NIPS 2017
Mon Dec 4th through Sat the 9th, 2017 at Long Beach Convention Center
Paper ID: 2107 Conic Scan-and-Cover algorithms for nonparametric topic modeling

### Reviewer 1

This paper presents a geometric algorithm for parameter estimation in LDA when the number of topics is unknown. The method obtains impressive results—its predictive performance on synthetic data is comparable to a Gibbs sampler where the true number of topics is fixed. Moreover the algorithm appears to scale very well with the number of documents (like all spectral methods). Unfortunately, the meat of the paper is dense and difficult to parse. The paper attempts to provide some geometric intuition — but the lack of a clean and well-described picture makes the scattered references to the geometric story (i.e., "conic scans") hard to follow. The caption for figure 1 does not say enough to clearly explain what is being depicted. I don’t have much familiarity with the relevant background literature on geometric algorithms for LDA inference and will defer to other reviewers with stronger background. But I think the general NIPS reader will have too much difficulty reading this paper.

### Reviewer 2

The paper proposes a nonparametric topic model based on geometric properties of topics. The convex geometric perspective of topic models gave rise to some interesting questions. This paper tackles the problem of finding an appropriate number of topics by topic simplex covering algorithm called conic scan coverage approach. Overall, this paper is clearly written, and easy to follow. Theoretical justifications of CSC support the main claim of the paper as well. However, unlike the CSC algorithm, the document CSC algorithm contains some arbitrary steps such as the mean shifting and spherical k-means. The justification of these steps may bring some other questions. For example, is the mean shifting result always around the initial direction? if not, is the initializing direction in step 4 of algorithm2 necessary? A random selection of an initial direction would be enough since it would also cover the topic simplex, eventually.
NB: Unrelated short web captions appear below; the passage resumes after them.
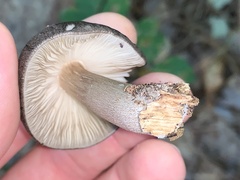 Pluteus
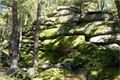 Navrhovaný národní geopark GeoLoci se rozkládá na území celého okresu Tachov a města Úterý. Na tomto území najdeme přes 100 geologicky zajímavých lokalit, které se dále člení na 12 oblastí. 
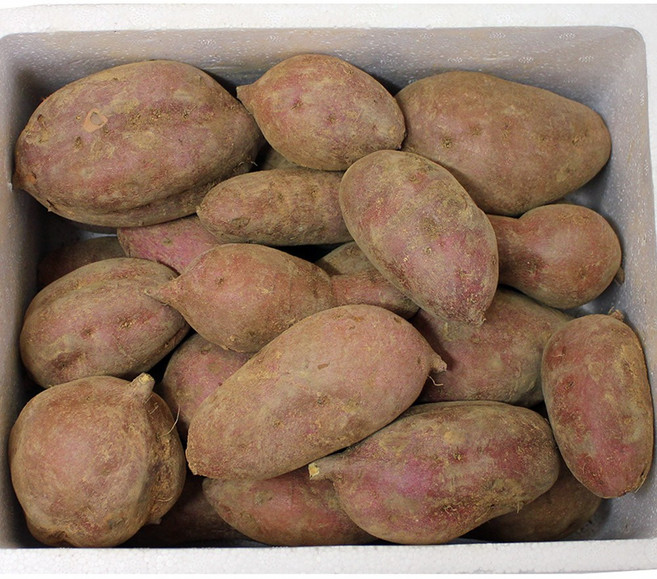 2025년 강화도 속노란 고구마 호풍미 4kg _특상크기 혼합, 1개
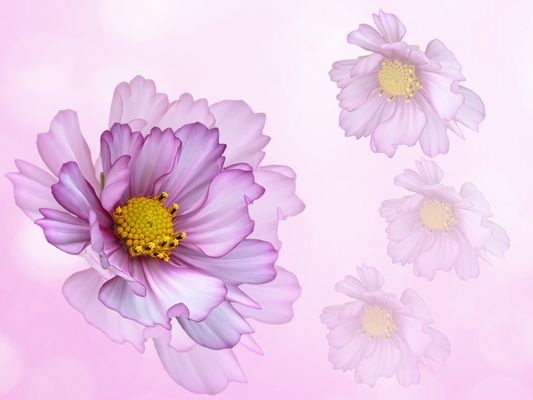   Cosmea, Schmuckkörbchen (Cosmos bipinnatus )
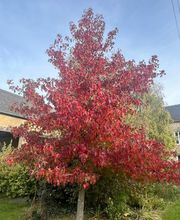 L'Ilot Pomme Cottage image 1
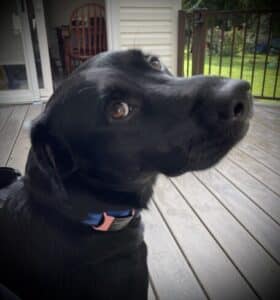 Dakota #14 Black Labrador Mix Male 2 Years Old ID#3291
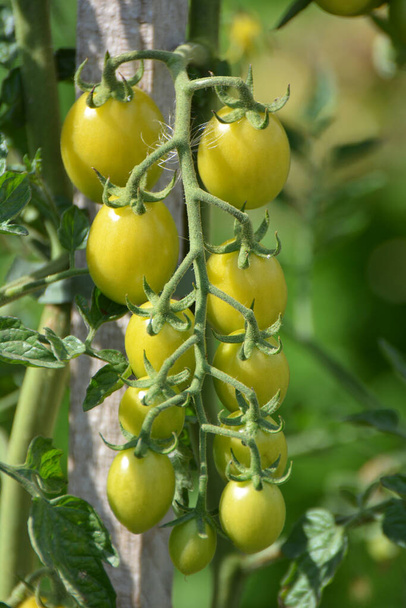 Pomidory są uprawiane na otwartej glebie ekologicznej - Zdjęcie, obraz
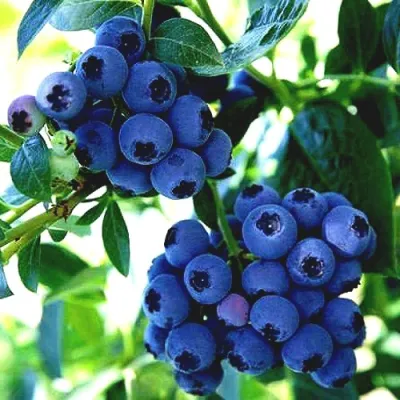 Голубика РЕКА в Иркутске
A similar question arises from the spherical k-means; the resulting topics are no longer a vertex of topic convex. What if the variance of the original topic vertex before these steps is relatively low than the others? (may be a long document could not be the topic vertex?) Do we still need the mean-shifting and k-means in this case? or is it better to keep these vertices? It would be more interesting if there are some (empirical?) discussions on the variances of the point estimate and the proposed steps.